Problem is with HIVE it seems.
Could you provide table descriptions and partitioning?
Thank you for guiding me in the right direction.
I have some tables with two partition keys, e.g. date and customer id. The query will fail when trying to grab one of those fields if there is only one distinct value for that field. i.e. Selecting customer id will fail and selecting date will succeed in the following table. If we have another distinct customer id it will succeed as well it seems.
| Customer ID | Date |
| 322 | 2018-01-01 |
| 322 | 2018-01-02 |
| 322 | 2018-01-03 |
@sopel39 incidentally i was able to reproduce this in tests using tpch connector (https://github.com/prestodb/presto/pull/11596) but not with a true Presto server (also tried tpch connector). I don't understand this.
@sopel39 incidentally i was able to reproduce this in tests using tpch connector (#11596) but not with a true Presto server (also tried tpch connector). I don't understand this.
Local mode doesn't add exchanges. It's possible the rule that splits the aggregation into partial/final is kicking in.
Local mode doesn't add exchanges. It's possible the rule that splits the aggregation into partial/final is kicking in.
is it a bad thing?
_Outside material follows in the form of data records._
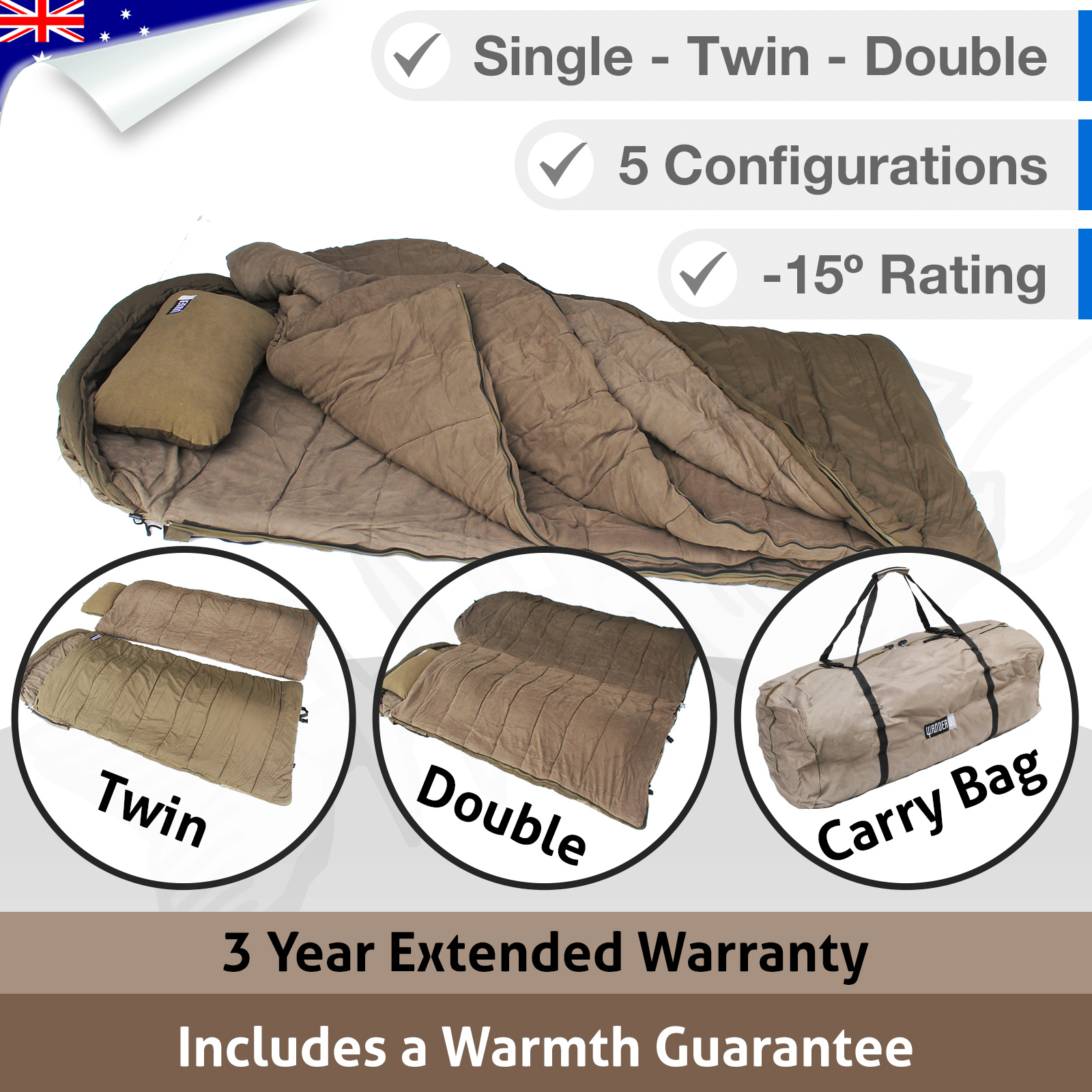 Deluxe DOUBLE Outdoor Camping Sleeping Bag Hiking Thermal Winter Twin -15  °C XL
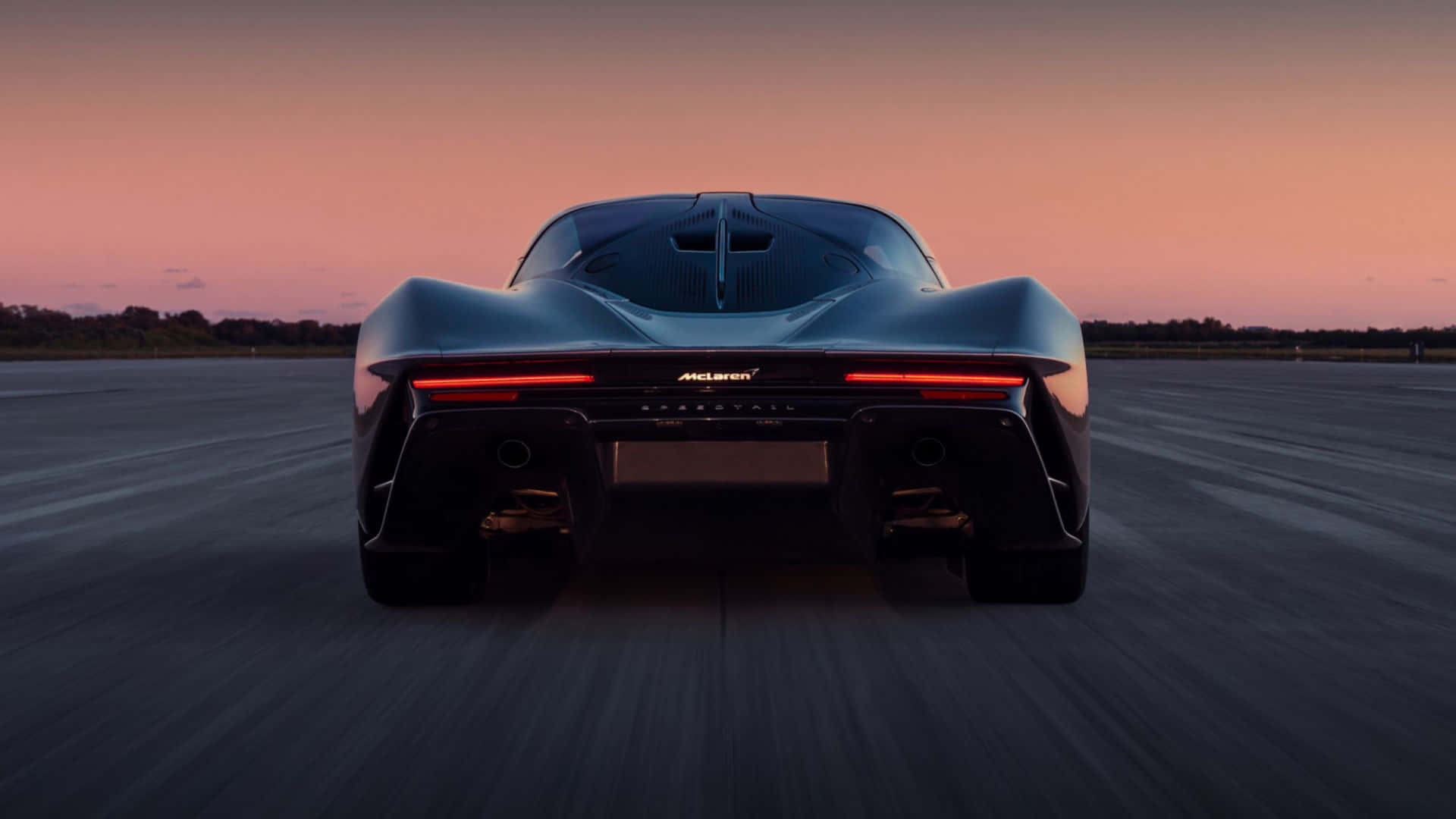 McLaren Speedtail, runway, sunset, Full HD Desktop Wallpaper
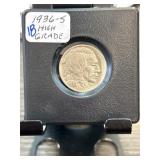 1936-S Buffalo Nickel in High Grade Condition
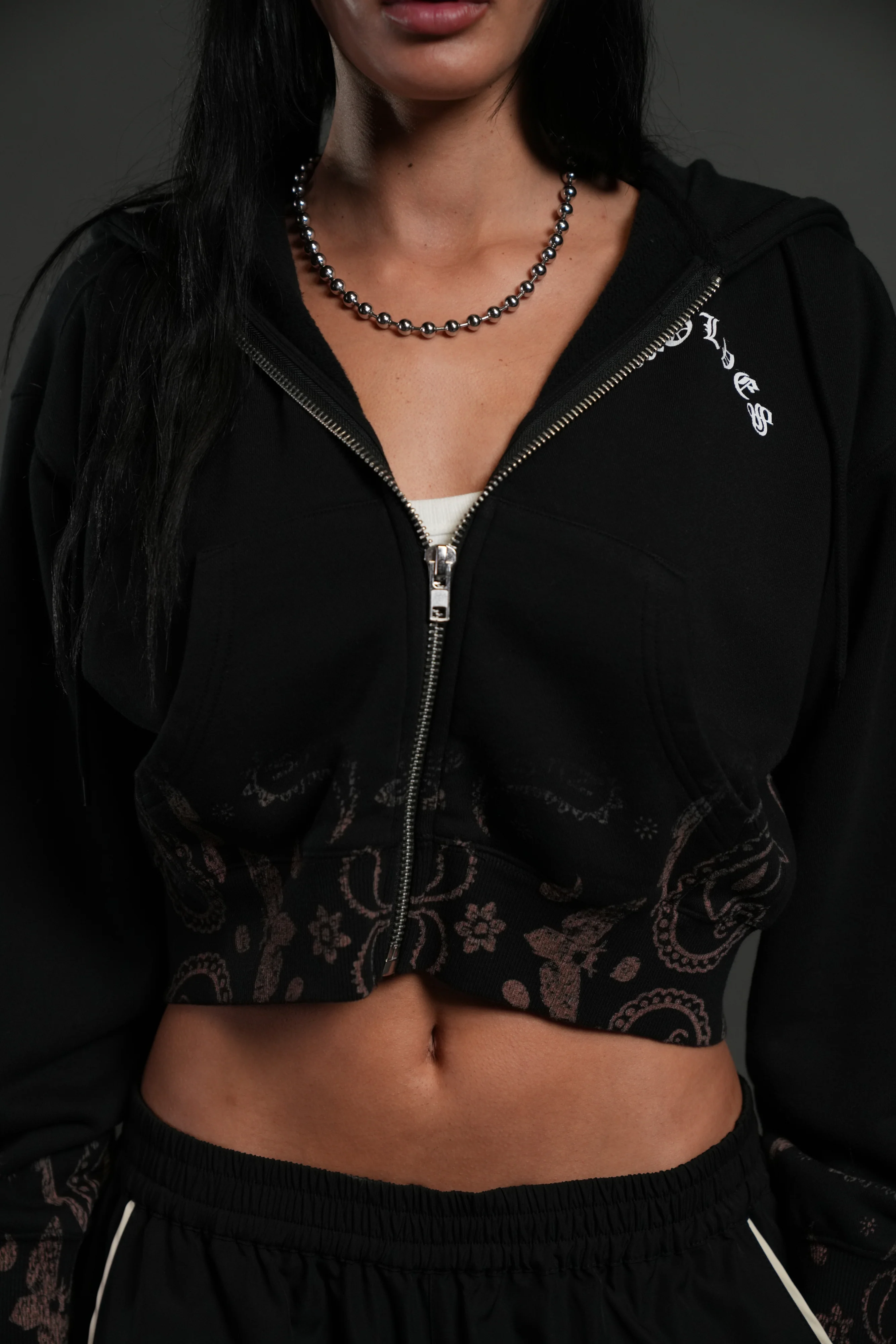 Faded Paisley "Sage" Cropped Zip Hoodie in Black - Image 3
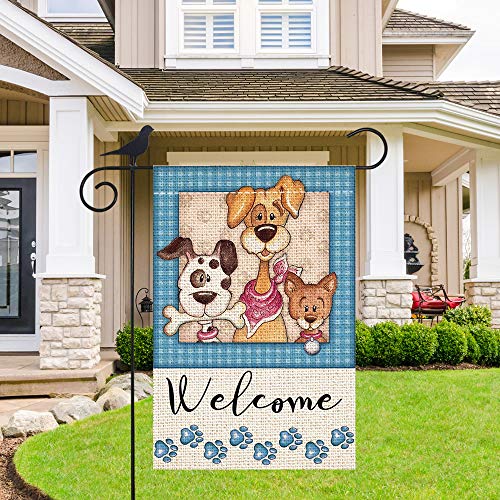 Shmbada Welcome Dogs Puppy Paw Print Burlap Garden Flag, Double Sided Vertical Outdoor Spring Summer Decorative Small Flag For Home Garden Yard Patio Farmhouse, 12 X 18 Inch #TOP4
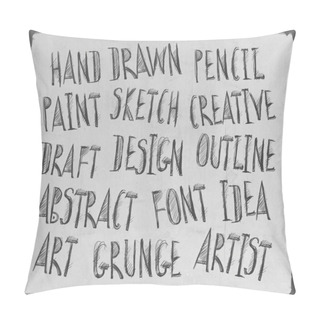 Personality  Hand Drawn Sketch Words Pillow Covers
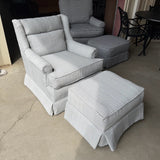 Newly Upholstered Park Place Swivel Rocker with Ottoman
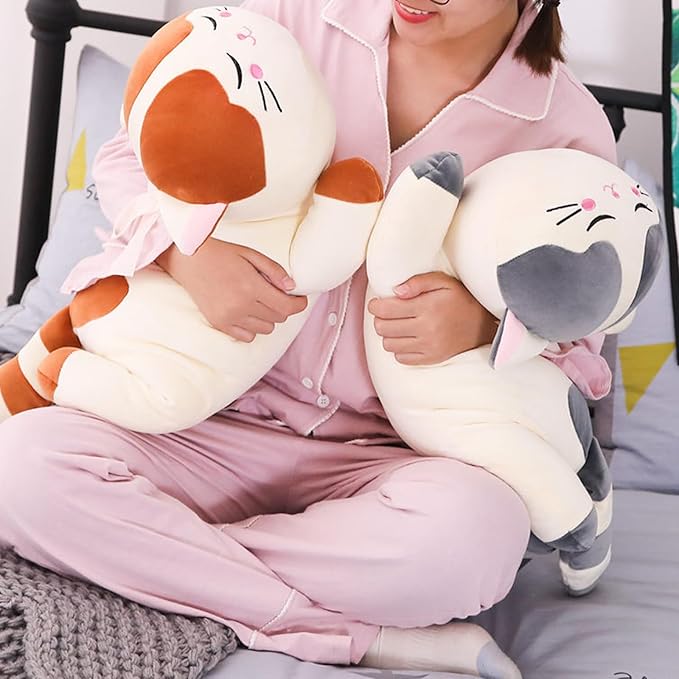 Cat Big Plush Hugging Pillow, Super Soft Kitten Kitty Stuffed Animals Toy Gifts for Kids, Girls, Bed, Christmas, Valentine 21.7" (Gray)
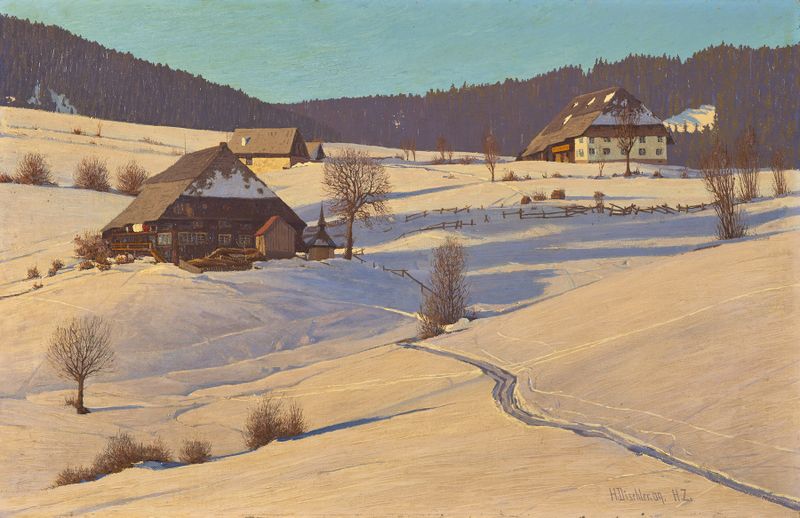 Invierno en el Bosque Negro, óleo sobre lienzo de Hermann Dischler, con árboles cubiertos de nieve y un cielo azul.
This improves functionality coverage, keeping local runner closer to real life.
Maybe the validator (the one that throws the "Final aggregation with default value not separated from ..."
exception) should be aware of local execution mode? or disabled in local runner?
You need a full server to run exchanges (i.e. DistributedQueryRunner). What’s concerning is that it happened with a real query - this could be due to the rule that splits aggs kicking in in a context where the aggregation runs in single-node mode.
I can also reproduce this with filters, instead of partition keys.
WITH query1 AS (SELECT a FROM table WHERE a=322 GROUP BY a) SELECT a FROM query1 GROUP BY GROUPING SETS ((a), ());
I.e. for tpch connector :
WITH a AS (SELECT nationkey FROM tpch.sf1.customer WHERE nationkey=21 GROUP BY nationkey) SELECT nationkey FROM a GROUP BY GROUPING SETS ((nationkey), ());
Any updates on this? Any more information I can provide?
We haven't had have time to pick it up yet, sorry. This is on my list, but if anybody else have time feel free to pick it up.
Any idea when it's planned to be fixed?
+1 on this, still seeing this too!
I get the error message "Final aggregation with default value not separated from partial aggregation by remote hash exchange" from https://github.com/prestodb/presto/blob/5dda212a416a9f04dff951e7ed45075998780749/presto-main/src/main/java/com/facebook/presto/sql/planner/sanity/ValidateAggregationsWithDefaultValues.java#L119
With the following minimized query example:
WITH query1 AS (SELECT a FROM table), query2 AS (SELECT a FROM query1 GROUP BY a) SELECT a FROM query2 GROUP BY GROUPING SETS ((a), ());
My actual query is larger, adding some calculations in query2 that depend on fields in query1, and then with filters in main select.
It seems that this should work. I'm running 0.206-146-gd3c9272f3d of Presto.